| 要旨トップ | 目次 | 日本生態学会第68回全国大会 (2021年3月、岡山) 講演要旨
ESJ68 Abstract


一般講演(ポスター発表) P2-022  (Poster presentation)

針葉樹人工林と落葉広葉樹林の間の土壌の交換が土壌ダニ群集構造に与える影響
The effect of soil block exchange on the community structures of soil mites between conifer plantations and deciduous forests

*長谷川元洋(同志社大学), 岡部貴美子(森林総合研究所)
*Motohiro HASEGAWA(Doshisha University), Kimiko OKABE(FFPRI)

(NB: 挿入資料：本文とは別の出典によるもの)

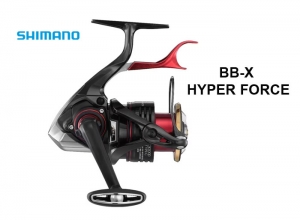 22 BB-X HYPER FORCE 2500DXXG S R (RIGHT HANDLE)(FREE SHIPPING)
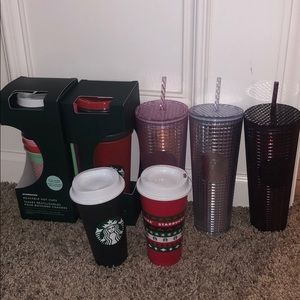 Starbucks Holiday 2020 Bundle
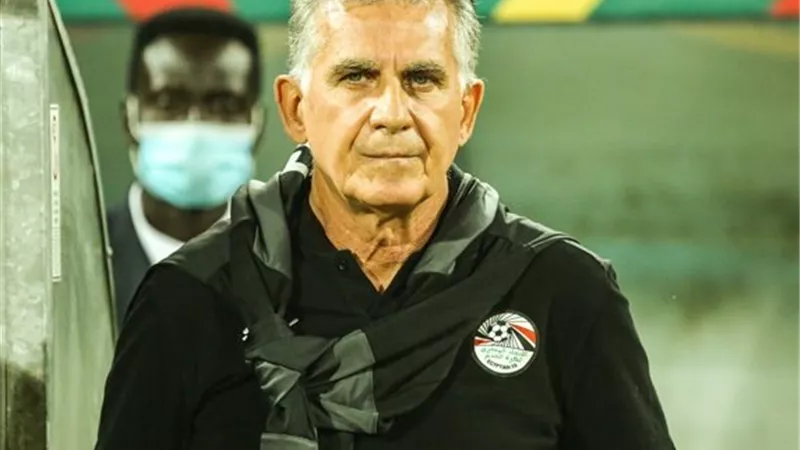 كيروش على رأس اهتمام اتحاد الكرة لتدريب منتخب مصر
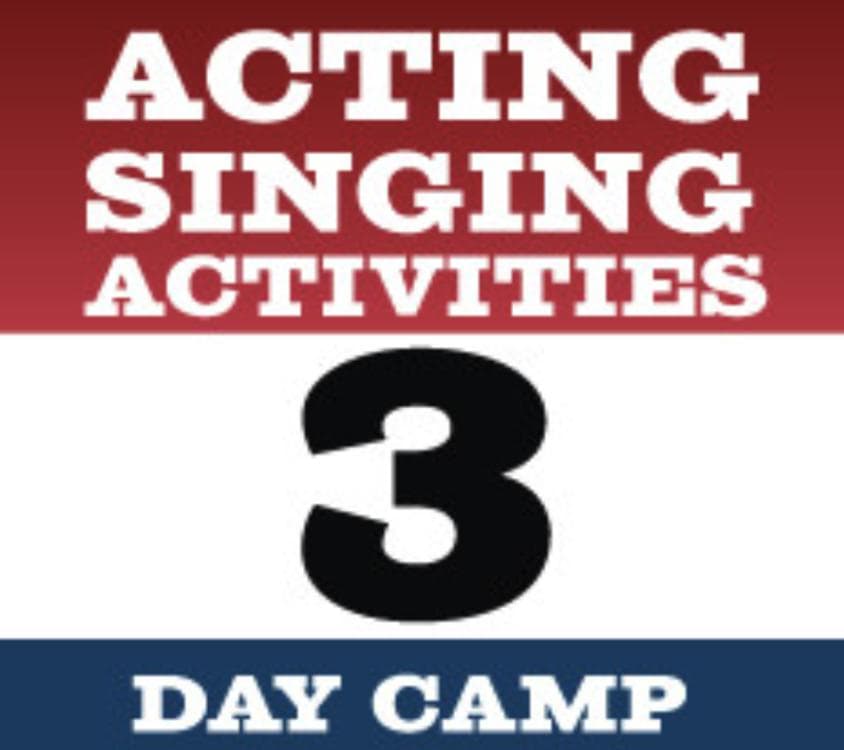Image for event: 3 Day Acting, Activity, and Musical Summer Camp - Week 8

これまで、土壌ダニ群集の住み場所の選好性は、土壌由来の要因か地上部環境の要因かを区別できなかった。この研究では、針葉樹人工林と広葉樹林の落葉層および土壌層を土壌ブロックとして採取し、それを互いの森林間で入れ替える手法で土壌要因の重要性の検討を行った。茨城県北部のスギ林と落葉広葉樹林が隣接する調査地を3箇所設定した。それぞれの森林から合計80個、土壌ブロック(125cm3)を採取した。土壌ブロックのうち、半分は-20度で凍結殺虫した。残りの半分は非撹乱の状態に保った。また半分は同じ森林に戻し、残りは他方の森林に移動させた。設置後1週間後、1ヶ月後、10ヶ月後、13ヶ月後に土壌ブロックを回収し、土壌動物を抽出した。以上から、非撹乱と殺虫のそれぞれの処理で、土壌ブロックの属性(スギ林土壌、広葉樹林土壌)、設置した林分の属性(スギ林、広葉樹林)の土壌ダニ群集構造に与える影響を検証した。
各ダニの分類群毎 [トゲダニ目、ケダニ亜目、ササラダニ亜目(コナダニ団以外)]に、冗長分析(RDA)もしくは正準対応分析(CCA)を用いて、種組成に与える土壌もしくは林分の属性の影響を調べたところ、いずれの分類群でも設置した林分の影響はほぼ調査期間を通じて認められたものの、トゲダニやケダニでは説明変数として土壌ブロックの違いはほとんど有意に選択されなかった。一方、ササラダニでは、1週間後、1ヶ月後までは土壌ブロックの違いも有意に選択されるが、10ヶ月後、13ヶ月後ではその影響は失われた。以上の事から、いずれの分類群でも設置場所の森林の好みは群集内の種間で見られるものの、有機物層や土壌への依存性は捕食者を含むトゲダニやケダニ等では小さく、直接有機物やそこに由来する菌類を摂食するササラダニでは大きくなると考えられた。